Certes, il peut y avoir des mots vulgaires. Je ne vais pas pour autant changer les témoignages pour que les harceleurs soient polis. Il faut bien montrer la réalité, aussi choquante soit-elle.

S'il avoue qu'on ne peut pas classer son travail dans la rubrique "littérature jeunesse", il conçoit que "dès l'âge de 15-16 ans", des ados puissent s'y intéresser. "Ils comprennent le message puisqu'ils vivent déjà dans cette réalité".

Un projet qui éveille les consciences

Ce qui est sûr, c'est que le projet Les Crocodiles éveille les consciences de ceux qui s'y intéressent, y compris les hommes. "Certains m'écrivent pour me dire qu'ils ont enfin ouvert les yeux et avouent qu'ils ont été eux-mêmes un peu crocodiles". À l'abri des regards, le viol conjugal concerne chaque année, en moyenne, 201 000 femmes qui se déclarent victimes (physiques ou sexuelles).
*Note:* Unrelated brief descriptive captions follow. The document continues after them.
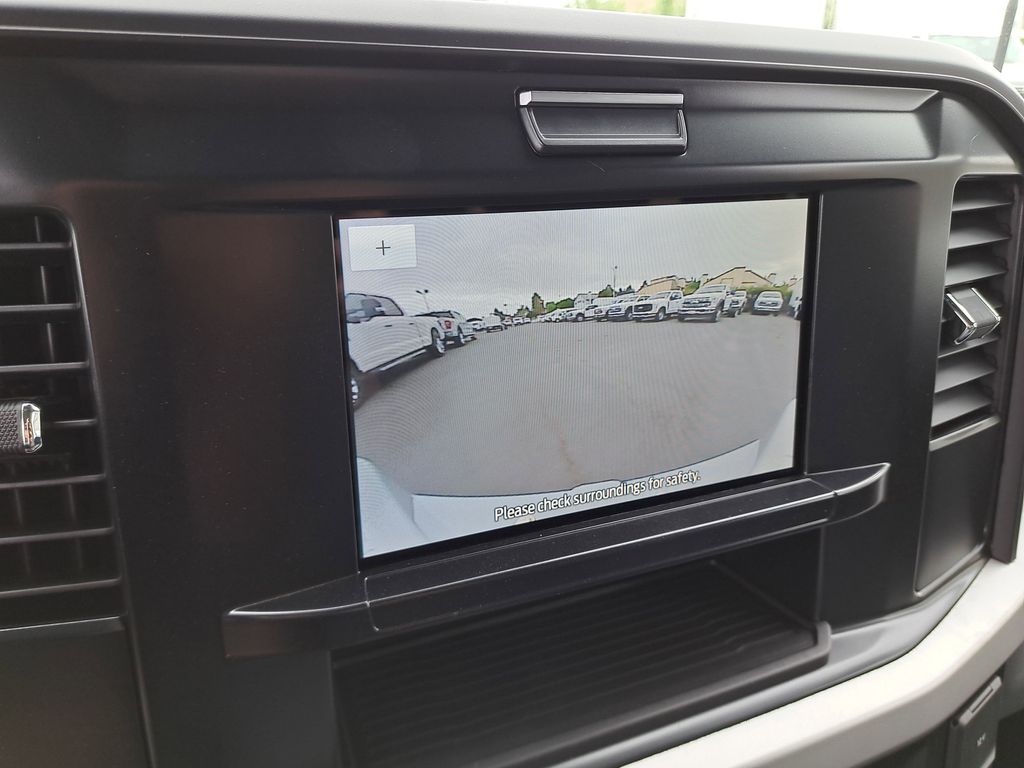 2025 Ford F-350 photo 25
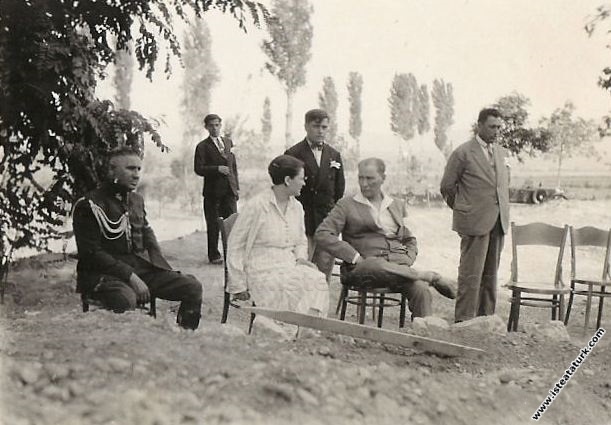 Mustafa Kemal Atatürk Yalova'da Millet Çiftliği...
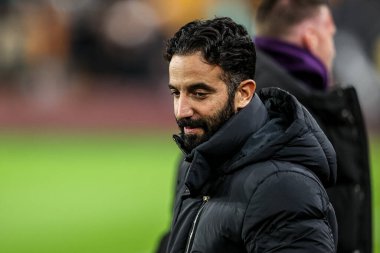 Premier Lig karşılaşmasında Manchester United 'ın Ruben Amorim teknik direktörü Wolverhampton Wanderers, Manchester United' a karşı Molineux, Wolverhampton, İngiltere, 8 Aralık 2025 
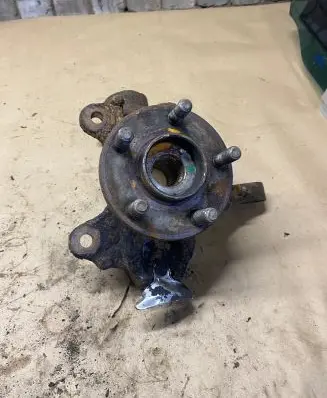 Front wheel hub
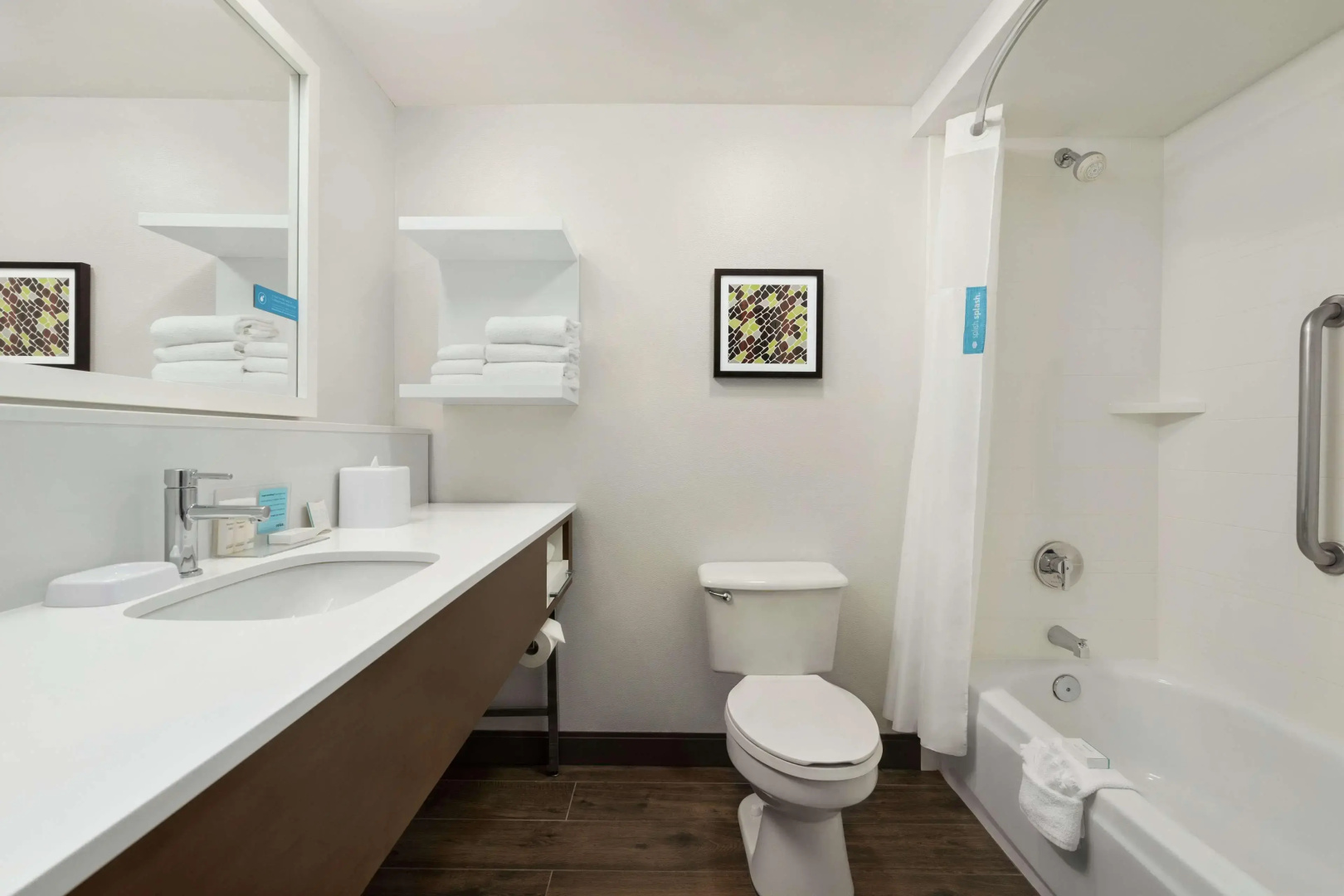 Photo - Hampton Inn Portland-Airport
Il en est de même pour la lesbophobie.

Selon un sondage réalisé par SOS homophobie en 2014, 59% des femmes interviewées en ont été victimes au cours des deux dernières années et 18% d'entre elles ne manifestent jamais d'affection à leur partenaire en public. Ces deux problèmes sont bien réels, n'en déplaisent à la mairie dirigée par Jean-Luc Moudenc.